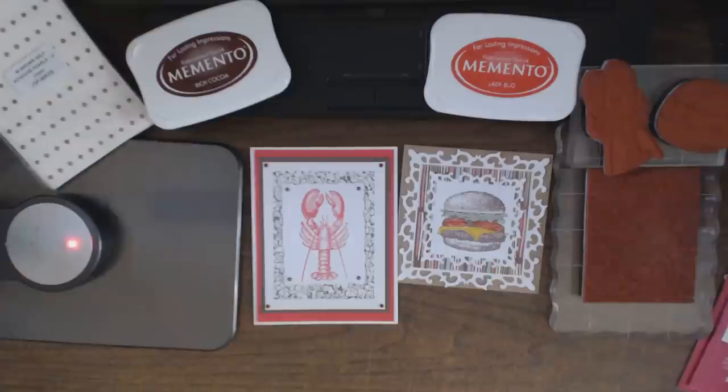As some of you may know, new releases come out regularly — yesterday was the new release date, and there are gorgeous vintage ladies image stamps now available for the month of July. I'd recommend stopping by stampersbest.com to check out the new releases. If you have any questions about any of the products or techniques I used, please feel free to ask — I'll be more than happy to answer. Otherwise, thank you so much for watching!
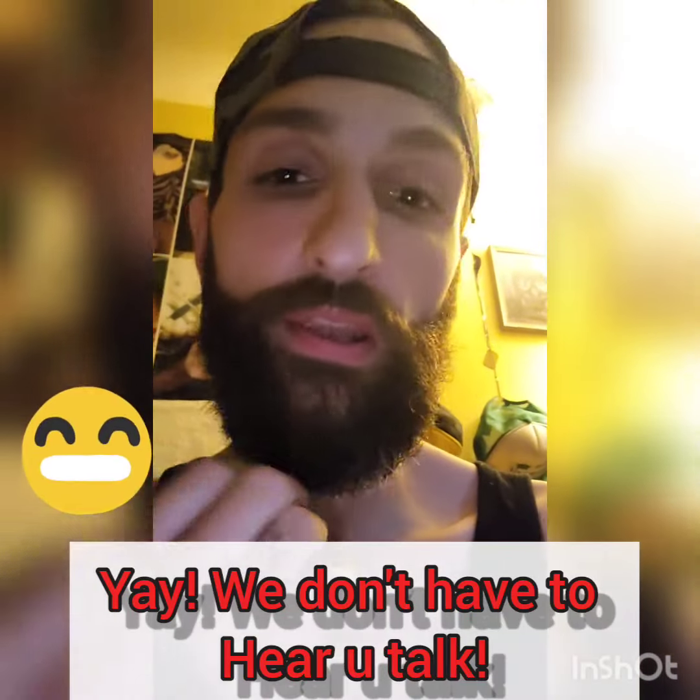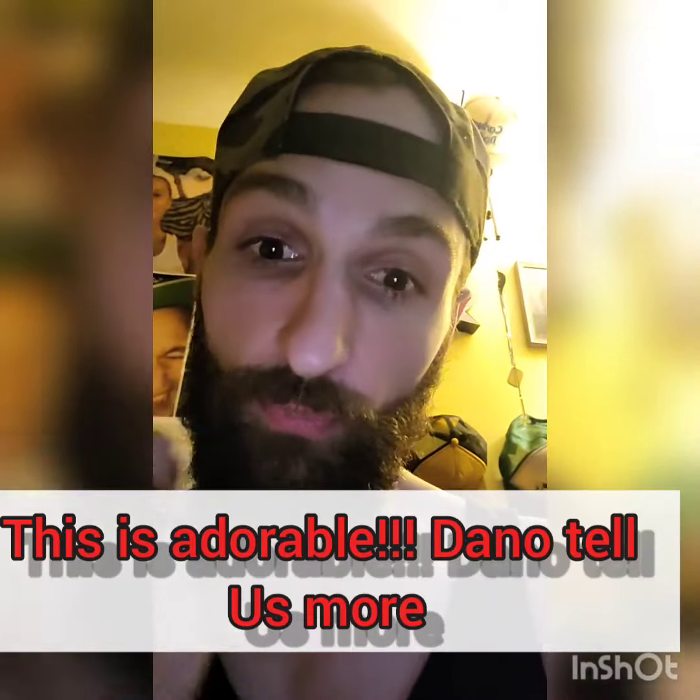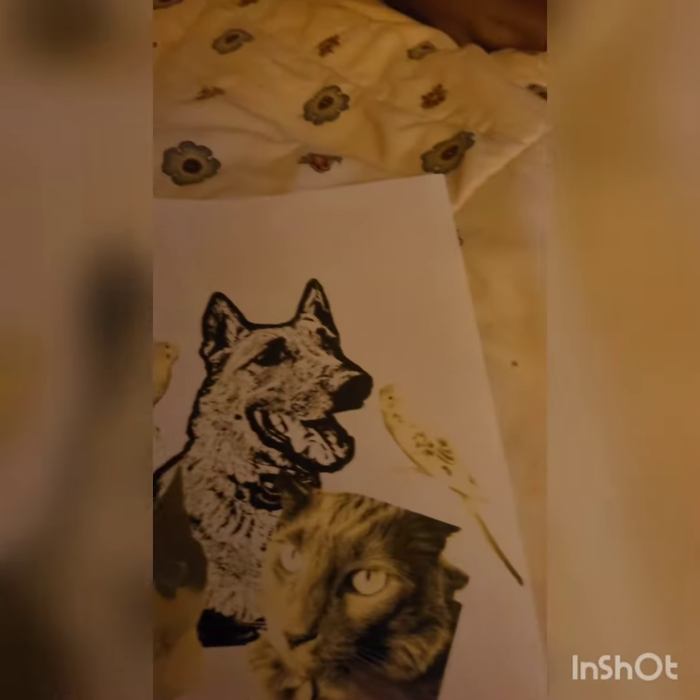We're gonna do a little something different today — I'm gonna be doing a sketch for my best friend in the whole wide world. He's about to be moving into his own house and for a housewarming gift, he doesn't have any kids but he has furry kids, so we're gonna be sketching out a nice little realism picture of his dog, birds, and cats.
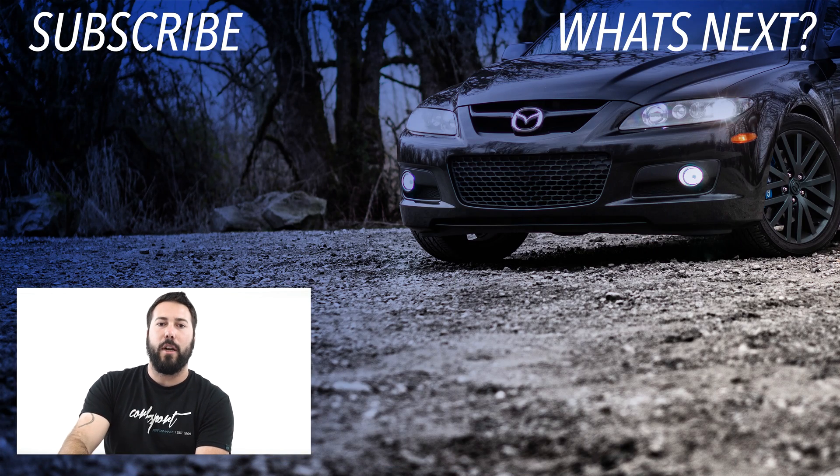Thanks for checking out the Corksport EWEG housing kit. For more information or to stay in the loop, check out the blog and subscribe. This is Barrett, tuning out.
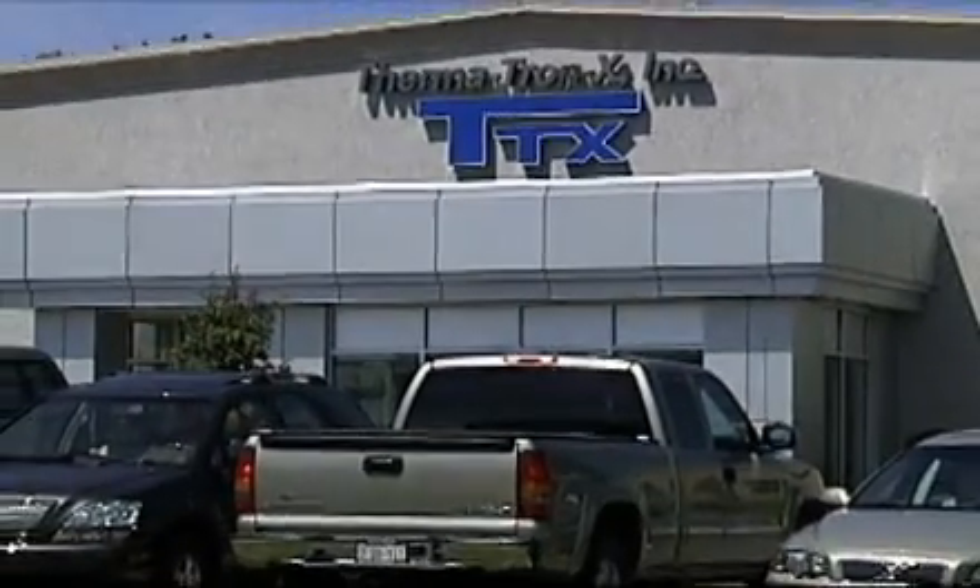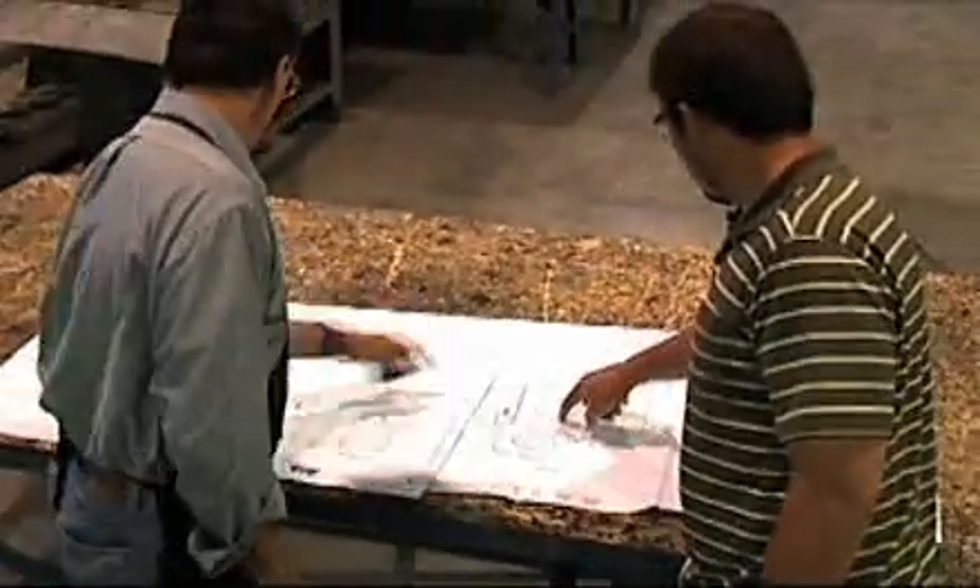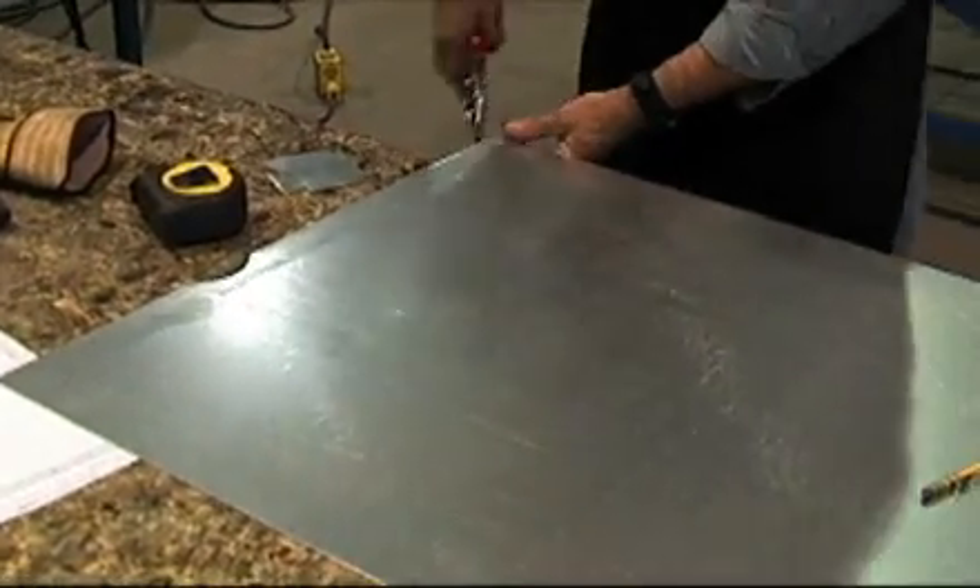Sheet metal fabrication is a broad profession with many types of jobs. You can work at the beginning of the process where you take a drawing of the product, make a cutting list, shear the pieces, and send them to the machines.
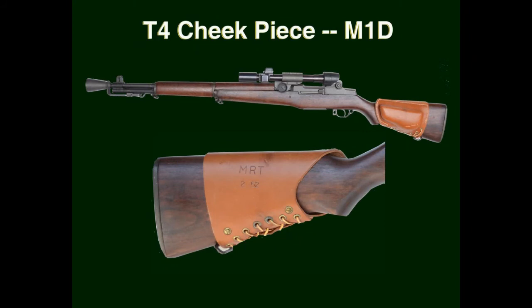The correct designation for the cheek pad used on the M1D and other U.S. sniper rifles is T-4 cheek piece. It was attached to the buttstock with leather laces and two brass screws to position the shooter's cheek properly for use with the telescopic sight. Early cheek pieces first mounted on the M1C were made by the K-Line Corporation and marked with the K-Line logotype only. Those mounted on the M1D were marked on the right side with the letters MRT, meaning Mildew Resistant Treatment, and the month and year — for example, MRT over 252 for February 1952. Cheek pieces that are unmarked or incorrectly marked are reproductions.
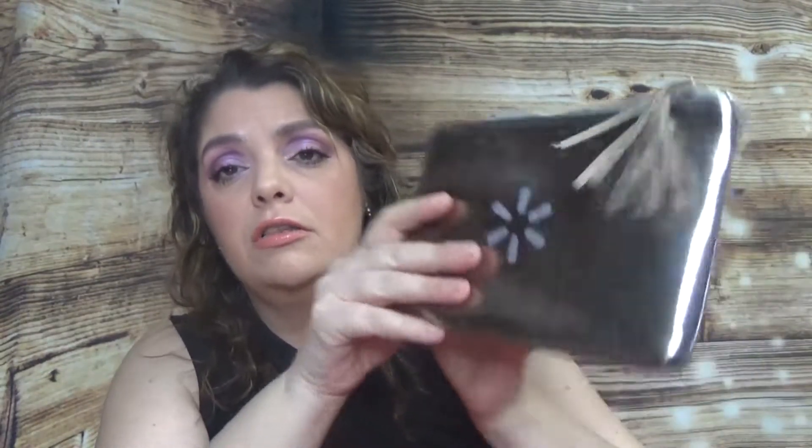And the last item — for the first time in this box we got a bag. I have to tell you I don't like the color — it looks like a dirty gold — but that's just me. If you like it, that's great.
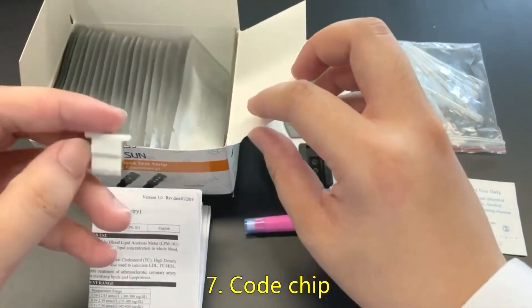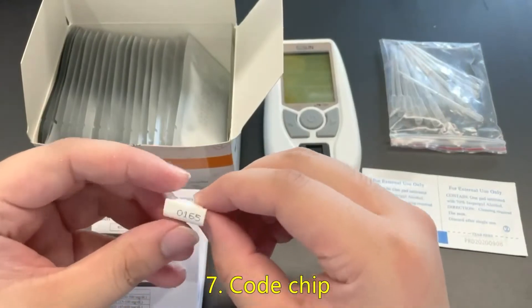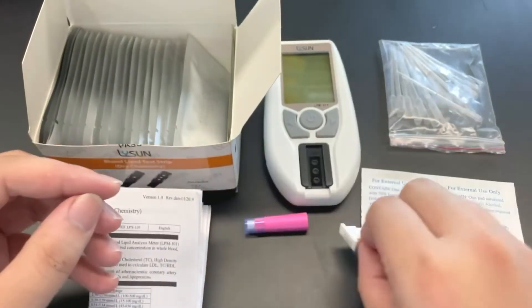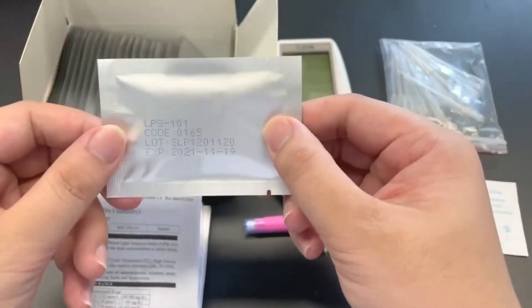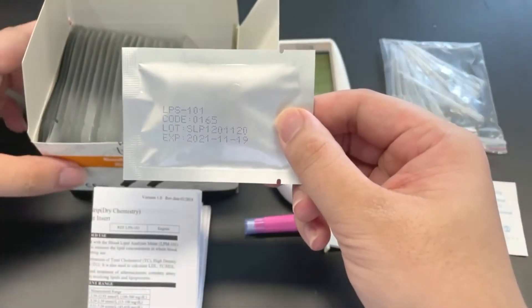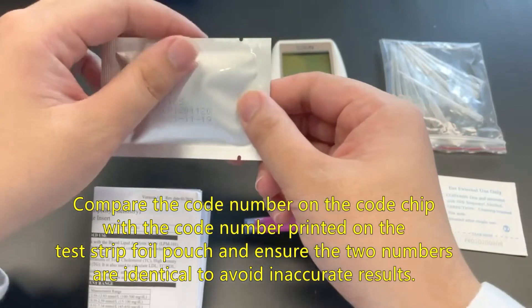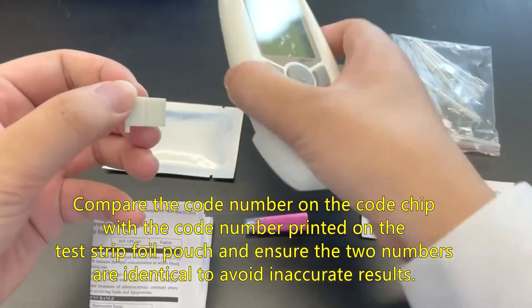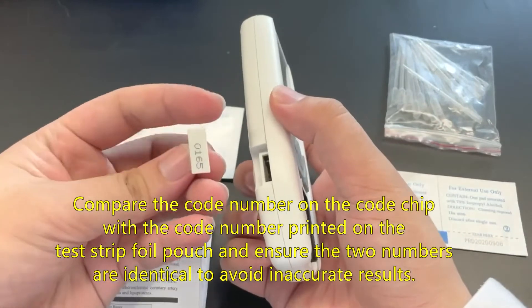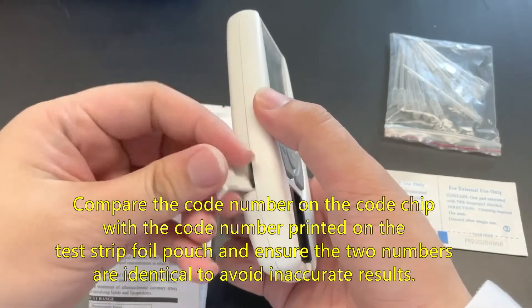Seven, code chip. Compare the code number on the code chip with the code number printed on the test strip foil pouch, and ensure the two numbers are identical to avoid inaccurate results.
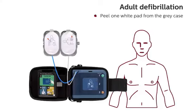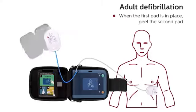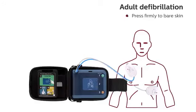Peel one white pad from the gray case. Place pad exactly as shown and press firmly to bare skin. When the first pad is in place, peel the second pad. Place pad exactly as shown and press firmly to bare skin.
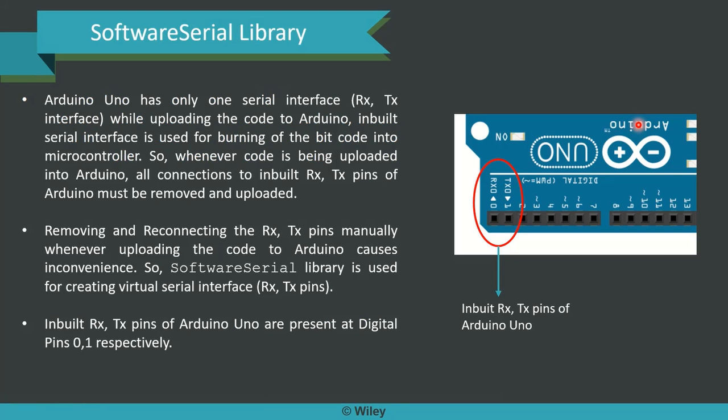Now, Software Serial Library — what is it? Very simple. Arduino Uno has got only one serial interface, which means it has RX and TX. While uploading code to Arduino, the inbuilt serial interface is used for burning the code into the microcontroller. So whenever code is being uploaded into Arduino, all connections to the inbuilt RX and TX pins of Arduino must be removed. Removing and reconnecting RX and TX pins manually whenever you upload code causes a lot of inconvenience and is technically difficult. So Software Serial Library is used to create a virtual serial interface — virtual RX and TX pins.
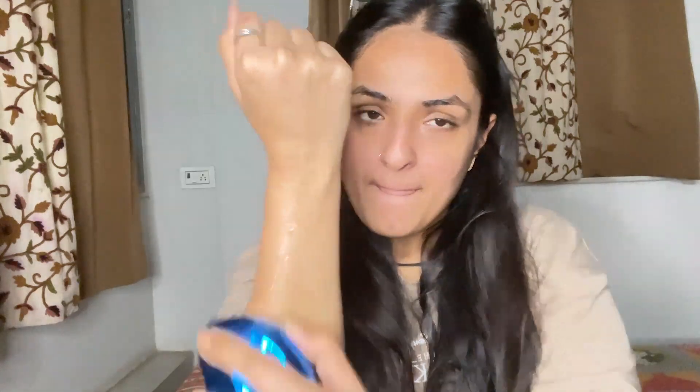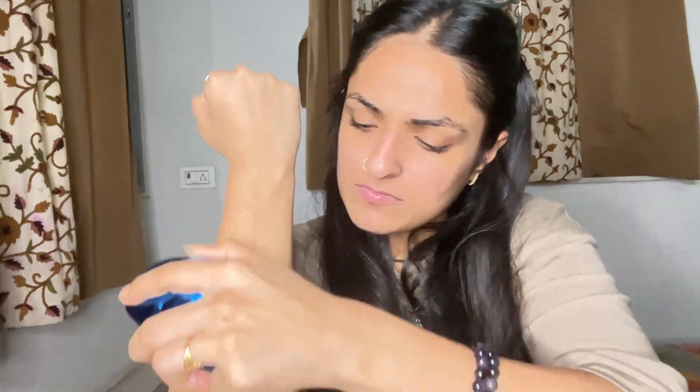Let's give it a try. It asks to first apply some warm water and then use it. I am applying warm water and then taking the device. There's not a lot of hair but let's try. It also claims to remove dead skin, so let's go on.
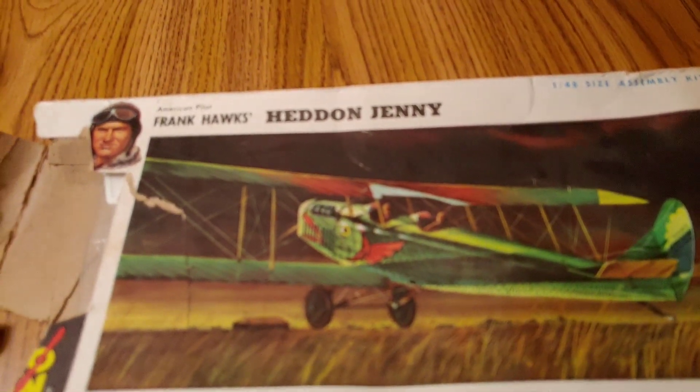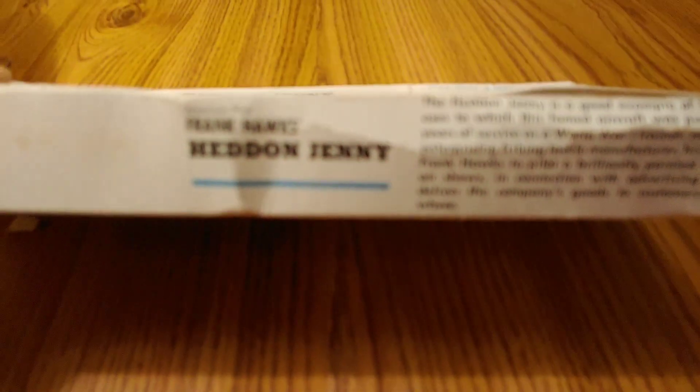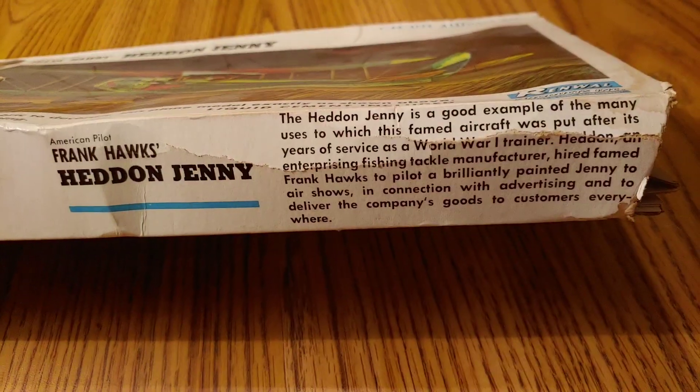Frank Hawks, Hayden Jenny, I guess. I wish my camera would focus in sometimes. I didn't know if you guys had any information on this kit or not.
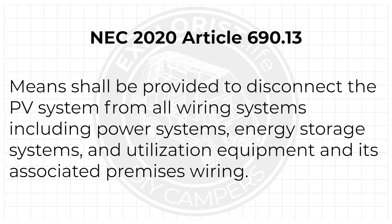Why do we even need to do this? This one's simple. We need to be able to disconnect the solar array from the charge controller because the National Electric Code tells us we have to. The 2020 version of the NEC article 690.13 says that means shall be provided to disconnect the PV system from all wiring systems, including power systems, energy storage systems, and utilization equipment, and its associated premises wiring.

▶ TASK DETAILS
Word-for-word restatement: every line from the one with "Frank Hawks, Hayden" through the final line of the data, both ends included, pictures excluded.

▶ ANSWER SECTION
Frank Hawks, Hayden Jenny, I guess. I wish my camera would focus in sometimes. I didn't know if you guys had any information on this kit or not.
Why do we even need to do this? This one's simple. We need to be able to disconnect the solar array from the charge controller because the National Electric Code tells us we have to. The 2020 version of the NEC article 690.13 says that means shall be provided to disconnect the PV system from all wiring systems, including power systems, energy storage systems, and utilization equipment, and its associated premises wiring.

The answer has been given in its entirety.